Lakon lain selain Mr.Krab adalah si Squidward, seekor gurita tetapi tidak suka jika dipanggil Mr.Gurita. Ia adalah karyawan yang oportunis, bekerja seadanya tidak perlu terlalu keras tetapi yang penting ada pekerjaan. Dikatakan dia adalah oportunis, secara lebih detail lagi akan dibahas dalam cerita selanjutnya.

Pelakon utama, seperti halnya judul film.. Sponge Bob The Movie… adalah Sponge Bob, sebuah sponge berwarna kuning. Identitas juga tidak terlalu jelas, tetapi dapat diandaikan bahwa ia adalah seorang pemuda tanggung yang bekerja sebagai koki perusahaan. Pada cerita di film yang lain dijelaskan bahwa Sponge Bob mendapatkan pekerjaan sebagai koki bukan karena kebetulan tetapi memang karena ia memiliki ketrampilan memasak dan melalui ketrampilannya, ia memenangkan “golden spatula” (alat/sendok untuk menggoreng terbuat dari emas).

Berikutnya, kita kenal ada Patrick Star sebuah bintang laut, tetangga Sponge Bob sekaligus kawan dalam suka dan duka Sponge Bob, juga sebagai lakon “pelengkap penderita” dalam kisah ini tetapi dengan kehadirannya, life is more colorful.

Bikini Bottom adalah sebuah komunitas sosial seperti halnya di daratan.
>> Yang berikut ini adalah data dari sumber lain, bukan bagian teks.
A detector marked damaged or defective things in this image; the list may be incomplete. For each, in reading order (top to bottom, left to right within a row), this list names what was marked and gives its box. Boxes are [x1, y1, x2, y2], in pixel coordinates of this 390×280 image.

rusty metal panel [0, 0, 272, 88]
Mereka tinggal dalam satu kota, saling bertetangga dan restoran Krusty ada di dalamnya. Wajar jika dianggap restoran tersebut adalah sebuah organisasi bahkan sebuah organisasi profit. Jika kita merujuk pada definisi apa itu organisasi. Salah satu definisi yang dapat diambil adalah definisi Stephen P.Robbins tentang oganisasi adalah kesatuan sosial yang dikoordinasikan secara sadar, dengan sebuah batasan yang relatif dapat diidentifikasi, yang bekerja atas dasar yang relatif terus menerus untuk mencapai suatu tujuan bersama atau sekelompok tujuan (Robbins, 1994;4).
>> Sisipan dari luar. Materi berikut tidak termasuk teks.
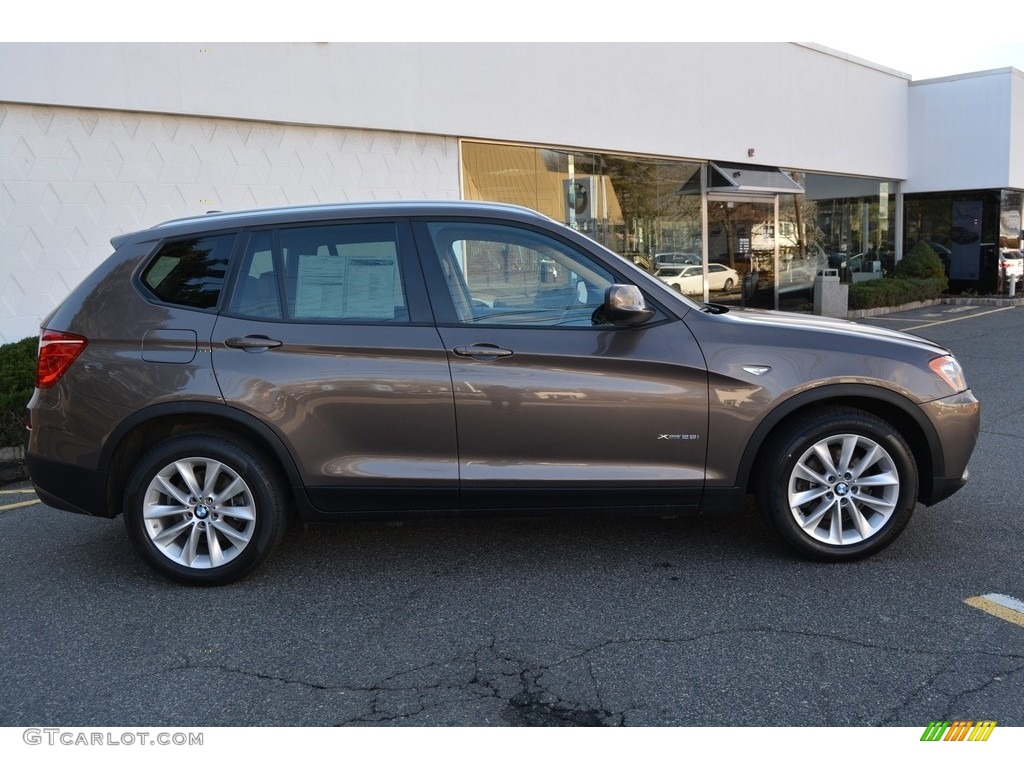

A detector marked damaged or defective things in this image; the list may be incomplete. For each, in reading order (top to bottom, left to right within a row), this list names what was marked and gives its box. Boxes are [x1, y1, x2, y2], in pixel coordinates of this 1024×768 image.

cracked pavement [0, 303, 1019, 724]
Krusty Crab Restaurant yang selanjutnya akan disebut sebagai KCR, adalah sebuah kesatuan sosial yang terdiri dari (meskipun hanya) tiga orang dalam sebuah perusahaan makanan. Restoran tersebut dikelola oleh pemiliknya dengan tujuan yang jelas yaitu uang. Sponge Bob, Squidward dan Mr.Crab sendiri adalah anggota dalam organisasi tersebut, yang bersama-sama ingin mewujudkan tujuannya masing-masing. Posisi mereka sebagai karyawan, bukan hanya numpang makan atau numpang bekerja tetapi mereka berhubungan dalam jangka waktu yang relatif permanen.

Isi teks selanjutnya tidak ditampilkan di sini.